[THE INPUT]
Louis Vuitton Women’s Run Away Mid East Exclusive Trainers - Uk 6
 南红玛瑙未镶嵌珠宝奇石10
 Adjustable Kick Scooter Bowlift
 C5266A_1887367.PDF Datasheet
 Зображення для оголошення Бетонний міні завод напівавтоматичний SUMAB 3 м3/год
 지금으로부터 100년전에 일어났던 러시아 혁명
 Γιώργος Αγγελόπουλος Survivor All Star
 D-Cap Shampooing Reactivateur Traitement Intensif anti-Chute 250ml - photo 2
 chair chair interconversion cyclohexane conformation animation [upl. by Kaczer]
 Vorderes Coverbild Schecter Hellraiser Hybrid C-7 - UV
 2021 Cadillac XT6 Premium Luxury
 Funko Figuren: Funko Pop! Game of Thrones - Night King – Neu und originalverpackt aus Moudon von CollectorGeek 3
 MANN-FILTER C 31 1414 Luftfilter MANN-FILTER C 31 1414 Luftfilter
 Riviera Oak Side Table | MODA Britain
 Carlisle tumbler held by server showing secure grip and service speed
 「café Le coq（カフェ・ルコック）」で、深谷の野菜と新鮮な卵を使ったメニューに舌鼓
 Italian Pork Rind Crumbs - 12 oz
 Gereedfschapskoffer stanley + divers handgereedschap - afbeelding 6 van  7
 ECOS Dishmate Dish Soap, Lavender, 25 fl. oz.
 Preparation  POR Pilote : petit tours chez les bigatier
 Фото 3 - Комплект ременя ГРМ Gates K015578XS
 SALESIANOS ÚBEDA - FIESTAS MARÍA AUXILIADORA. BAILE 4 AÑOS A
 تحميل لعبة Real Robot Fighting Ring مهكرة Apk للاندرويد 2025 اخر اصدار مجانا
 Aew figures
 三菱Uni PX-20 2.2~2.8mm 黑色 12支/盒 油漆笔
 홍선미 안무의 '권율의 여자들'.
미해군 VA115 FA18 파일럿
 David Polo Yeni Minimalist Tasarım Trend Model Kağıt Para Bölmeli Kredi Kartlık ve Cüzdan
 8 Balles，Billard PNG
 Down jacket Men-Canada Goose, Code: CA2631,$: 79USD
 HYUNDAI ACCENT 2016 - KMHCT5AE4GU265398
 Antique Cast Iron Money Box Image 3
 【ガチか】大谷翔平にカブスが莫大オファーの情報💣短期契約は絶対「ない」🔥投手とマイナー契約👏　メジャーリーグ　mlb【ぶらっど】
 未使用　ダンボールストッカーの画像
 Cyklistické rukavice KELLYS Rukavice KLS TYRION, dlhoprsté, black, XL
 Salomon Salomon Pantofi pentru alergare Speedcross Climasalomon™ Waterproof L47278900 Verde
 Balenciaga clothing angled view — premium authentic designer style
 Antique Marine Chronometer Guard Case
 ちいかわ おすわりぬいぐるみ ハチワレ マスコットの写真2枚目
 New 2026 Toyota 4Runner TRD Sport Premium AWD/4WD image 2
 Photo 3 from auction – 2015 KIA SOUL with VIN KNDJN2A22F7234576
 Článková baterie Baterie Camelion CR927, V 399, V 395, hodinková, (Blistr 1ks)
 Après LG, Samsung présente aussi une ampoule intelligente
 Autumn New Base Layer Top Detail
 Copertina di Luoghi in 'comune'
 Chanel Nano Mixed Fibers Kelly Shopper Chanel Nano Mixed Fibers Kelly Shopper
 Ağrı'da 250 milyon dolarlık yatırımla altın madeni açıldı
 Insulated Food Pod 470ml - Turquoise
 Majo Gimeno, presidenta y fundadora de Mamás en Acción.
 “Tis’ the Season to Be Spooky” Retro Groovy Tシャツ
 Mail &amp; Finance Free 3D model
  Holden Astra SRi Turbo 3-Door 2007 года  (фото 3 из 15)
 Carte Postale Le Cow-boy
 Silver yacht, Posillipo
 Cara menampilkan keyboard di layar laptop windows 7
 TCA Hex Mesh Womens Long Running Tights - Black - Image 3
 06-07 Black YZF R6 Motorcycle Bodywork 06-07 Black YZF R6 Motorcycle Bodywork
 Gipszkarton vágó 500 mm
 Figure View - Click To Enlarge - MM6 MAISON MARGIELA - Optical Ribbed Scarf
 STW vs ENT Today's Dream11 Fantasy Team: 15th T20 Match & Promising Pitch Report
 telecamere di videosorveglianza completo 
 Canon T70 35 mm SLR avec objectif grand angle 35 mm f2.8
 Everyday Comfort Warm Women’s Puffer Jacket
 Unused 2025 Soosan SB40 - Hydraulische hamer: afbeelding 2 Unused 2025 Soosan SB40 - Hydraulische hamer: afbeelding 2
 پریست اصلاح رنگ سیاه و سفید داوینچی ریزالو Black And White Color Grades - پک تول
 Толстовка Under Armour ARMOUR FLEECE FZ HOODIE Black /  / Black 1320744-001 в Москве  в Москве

[WORK REQUEST] Print exactly the lines above from the one with "Canon T70 35" to the one with "پریست اصلاح رنگ", including both.

[ANSWER SECTION]
 Canon T70 35 mm SLR avec objectif grand angle 35 mm f2.8
 Everyday Comfort Warm Women’s Puffer Jacket
 Unused 2025 Soosan SB40 - Hydraulische hamer: afbeelding 2 Unused 2025 Soosan SB40 - Hydraulische hamer: afbeelding 2
 پریست اصلاح رنگ سیاه و سفید داوینچی ریزالو Black And White Color Grades - پک تول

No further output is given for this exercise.